Methods:: Patients being seen for glaucoma or glaucoma suspicion in the residents' clinic at the Wilmer Eye Institute were enrolled and randomized (at a predicted 1:1 ratio) to receive usual care or usual care along with a multi-faceted intervention designed to improve visit compliance. Patients enrolled into the usual care group had their normal physician visit, received a follow-up appointment scheduled at the end of the visit, and were mailed a copy of their next appointment day right shortly after the appointment was made. Patients in the intervention group also watched a video about glaucoma on the day of their enrollment visit, and were reminded of their follow-up visit by both mail and phone. The primary study endpoint was compliance with the next scheduled glaucoma visit.

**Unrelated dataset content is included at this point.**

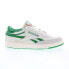 Reebok Club C Revenge Mens Beige Leather Lace Up Lifestyle Sneakers Shoes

Results:: Ten patients were randomized into the usual care group, and 27 patients were randomized into the intervention group. Both groups were similar in average age, male/female ratio, percentage of patients on treatment, and percentage of glaucoma suspects, though the intervention group did have a longer period until follow-up (4.6 months vs. 2.8 months). Amongst all patients, men were more likely than women to make their follow-up visit (92% vs. 71%), and patients with an interval of 2 months or less until their follow-up visit were more likely to keep their appointment than patients with a visit interval of greater than 2 months (93% vs. 68%). Seven of 10 patients (70%) receiving usual care were compliant with their follow-up visit, while 23 of 27 patients (85%) receiving the intervention were compliant with their follow-up visit.

Conclusions:: A multi-faceted intervention including a motivational/education video and visit reminders may improve compliance with glaucoma follow-up visits. These data justify a large-scale trial to test whether this intervention can produce and sustain better compliance rates for glaucoma visits.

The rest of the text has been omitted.